**Task description**
The required result is an exact copy of every line from the one with "Red Sequined Football Headband" through the last line below, with the pictures left out.

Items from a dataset

* * * * * * *

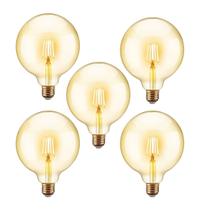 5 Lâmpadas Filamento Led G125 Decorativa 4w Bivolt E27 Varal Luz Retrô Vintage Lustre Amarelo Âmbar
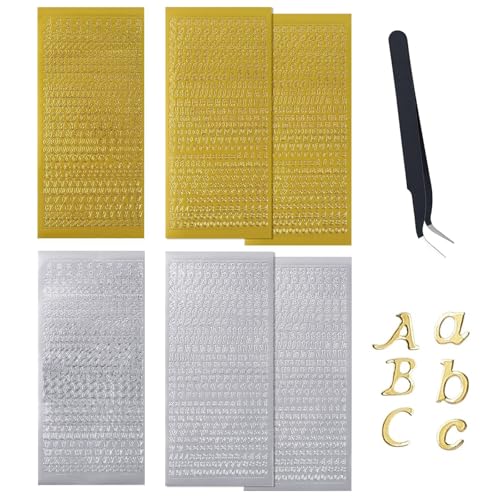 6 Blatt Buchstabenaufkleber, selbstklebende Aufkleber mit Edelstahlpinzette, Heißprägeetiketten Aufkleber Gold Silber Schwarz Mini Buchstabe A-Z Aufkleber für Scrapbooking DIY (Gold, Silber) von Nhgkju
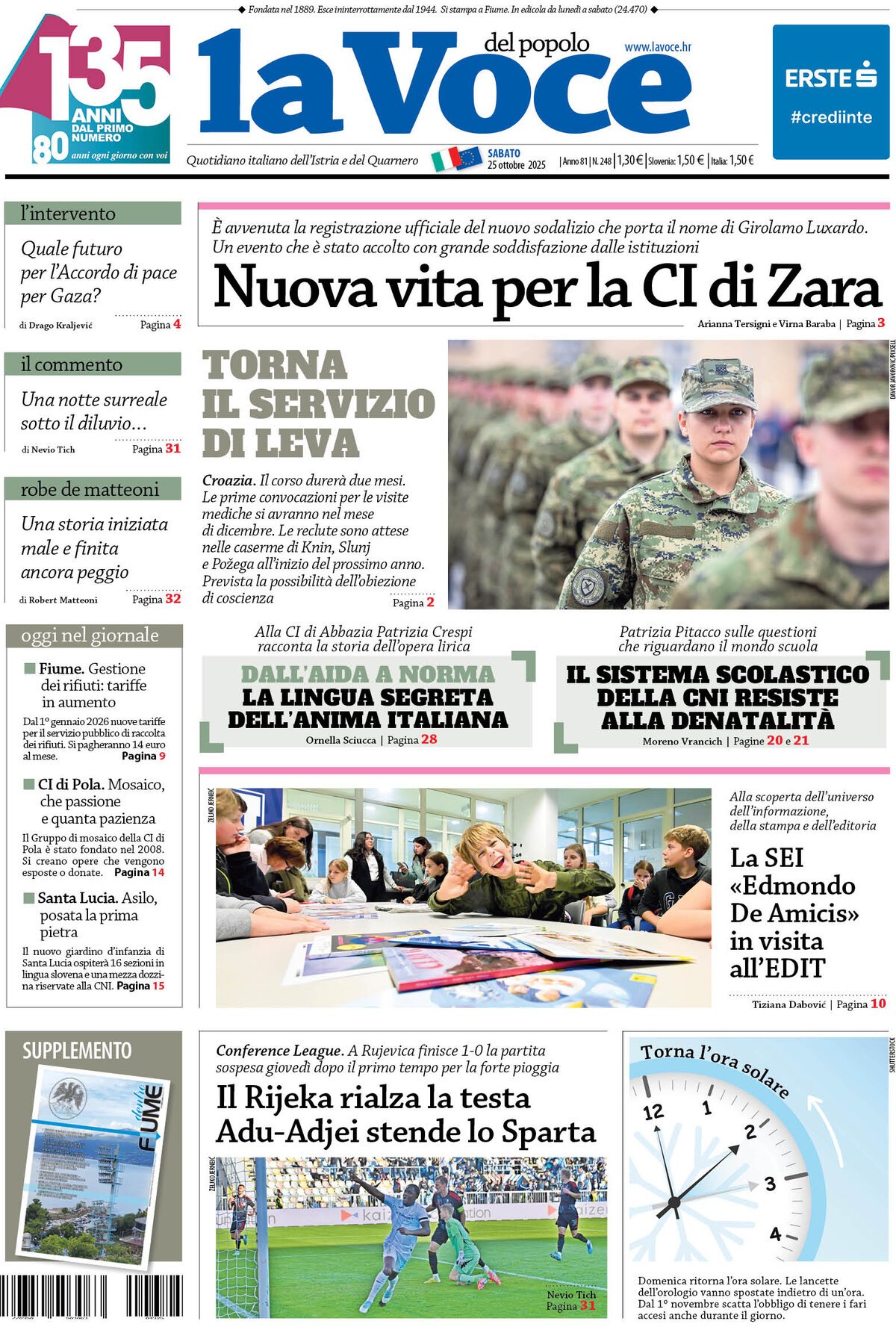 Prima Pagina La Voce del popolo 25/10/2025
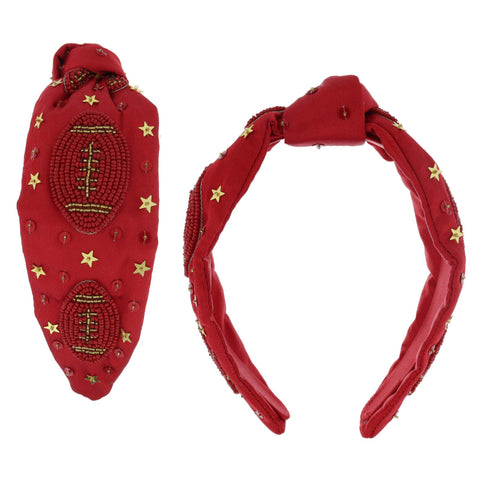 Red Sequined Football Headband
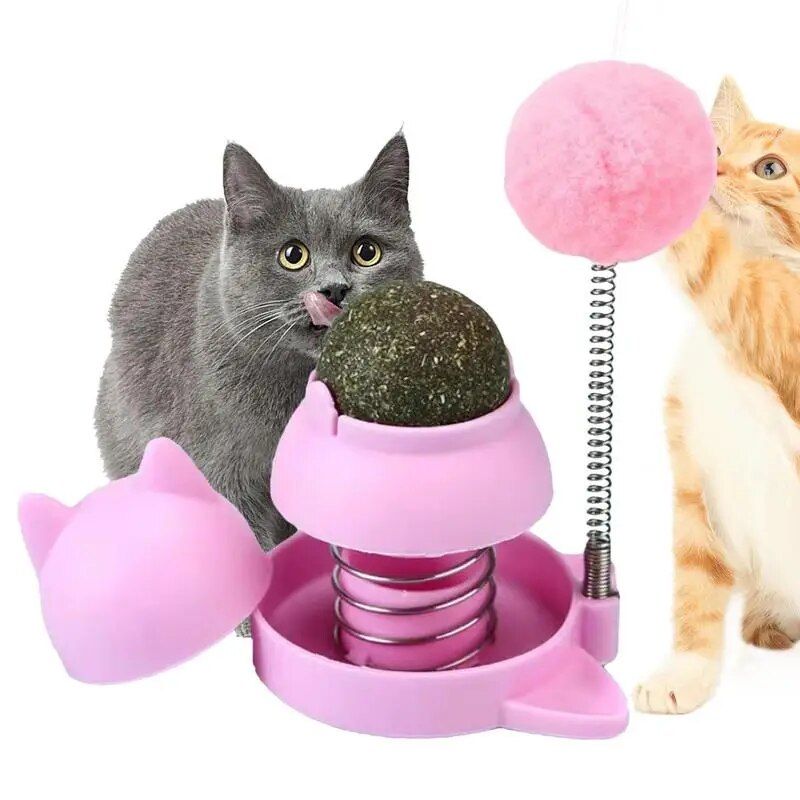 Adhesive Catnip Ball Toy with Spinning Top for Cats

* * * * * * *

**Answer space**
 Red Sequined Football Headband
 Adhesive Catnip Ball Toy with Spinning Top for Cats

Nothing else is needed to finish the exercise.